Buscar o “sentido jurídico de constituição” pressupõe a análise conjugada com a totalidade da vida social em conexão com o conjunto da comunidade. A norma jurídica não deve ser entendida como norma pura, mas em conexão com a realidade social que lhe dá conteúdo fático e axiológico. Ou seja, uma norma jurídica somente se justifica se analisada sob um viés valorativo de concretização da dignidade do ser humano. A Constituição é um sistema, um todo unitário construído a partir de condutas humanas valoradas historicamente, constituindo o próprio fundamento do existir comunitário.


Quando a Constituição da República estabelece em seu artigo 226, que a família é a base da sociedade e assim tem especial proteção do Estado, e em seu § 3o, que para efeitos de proteção do Estado, é reconhecida a união estável entre homem e mulher como entidade familiar, devendo a lei facilitar sua conversão em casamento, está demonstrando que o existir comunitário decorre também desta nova unidade familiar reconhecida.


Na esteira de José Afonso da Silva (2005, p. 848), a Constituição afirma a família como base da sociedade e lhe estabelece especial proteção do Estado, mediante assistência na pessoa de cada um dos que a integram. Não é o casamento a única forma constitutiva da entidade familiar pois resta ampliada sua interpretação. Nesta ampliação, entre outras formas, está a união estável entre homem e mulher, cumprindo à lei facilitar sua conversão em casamento, o que resta estabelecido na Lei 9.278, de 10 de maio de 1996.
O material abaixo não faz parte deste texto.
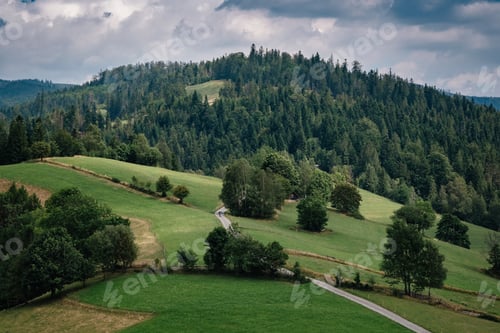 Preview: Road in mountain valley at sunny morning in Poland.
Como afirma José Afonso da Silva (2005, p. 39), a Constituição deve ser vista como um complexo,


“não de partes que se adicionam ou se somam, mas de elementos e membros que se enlaçam num todo unitário. O sentido jurídico da constituição não se obterá, se a apreciarmos desgarrada da totalidade da vida social, sem conexão com o conjunto da comunidade. Pois bem, certos modos de agir em sociedade transformam-se em condutas humanas valoradas historicamente e constituem-se em fundamentos do existir comunitário, formando os elementos constitucionais do grupo social, que o constituinte intui e revela como preceitos normativos fundamentais: a constituição” (grifos do autor).
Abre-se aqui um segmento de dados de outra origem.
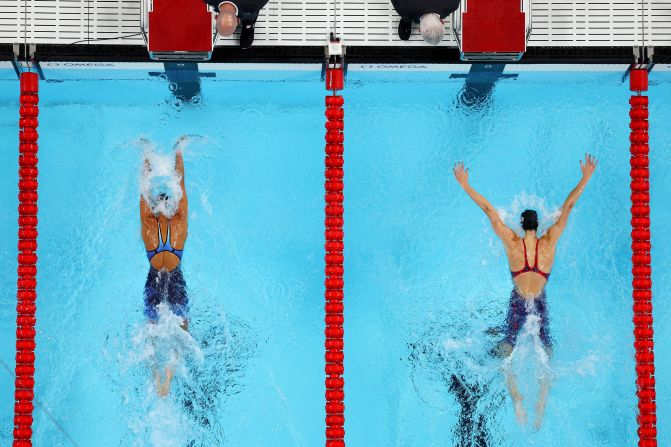 American swimmer Torri Huske, left, edges teammate Gretchen Walsh as they <a href=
Por outro lado, é importante acrescentar que segundo a interpretação evolutiva proposta por Luiz Roberto Barroso, poderíamos afirmar que sem dimensionar o conceito não há como interpretar a Constituição. Deve-se utilizar um conceito evolutivo. Para a verificação da possibilidade de o contribuinte declarar como dependente a companheira na união estável, basta que exista o ânimus de convivência. Não é possível a exigência de prova de convivência duradoura por cinco anos como estabelece a lei infraconstitucional. A interpretação evolutiva possibilita este posicionamento, já que demonstra a compreensão do sistema jurídico como um todo, mediante um processo interpretativo informal que atribui novos entendimentos sem modificação do texto da lei.


A interpretação evolutiva nos demonstra que todas as palavras do texto legal têm função e sentidos próprios. Entretanto, mesmo que assim seja, deve preponderar o valor sistêmico da Constituição. Deve o jurista considerar o ordenamento jurídico um todo harmônico segundo o correlacionamento de diversos institutos e normas. A união estável é um novo instituto jurídico protegido pela Constituição. É a Constituição da República que estabelece o fundamento onde as normas infraconstitucionais se alicerçam, não podendo ser interpretadas isoladamente, mas sempre em consonância com o sistema constitucional. Como tal, a união estável tem seu fundamento na Constituição impondo ao Estado o dever de reconhecê-la, como expressão constitucional, e respeitá-la.


Estando os fundamentos do ordenamento jurídico na Constituição, que estabelece as balizas a serem observadas pelo legislador infraconstitucional, desrespeitar seus fundamentos é desrespeitar a ordem constitucional. Importante ressaltar ainda que, por um lado, a lei pode apresentar inúmeras falhas e incorreções e por outro, o jurista não deve se conformar com a vontade do legislador que, muitas vezes, apresenta um texto com contradições, imperfeições e cuja vontade pode não prevalecer no tempo. Assim, nada mais correto do que conferir ao jurista um sentido prático de existir.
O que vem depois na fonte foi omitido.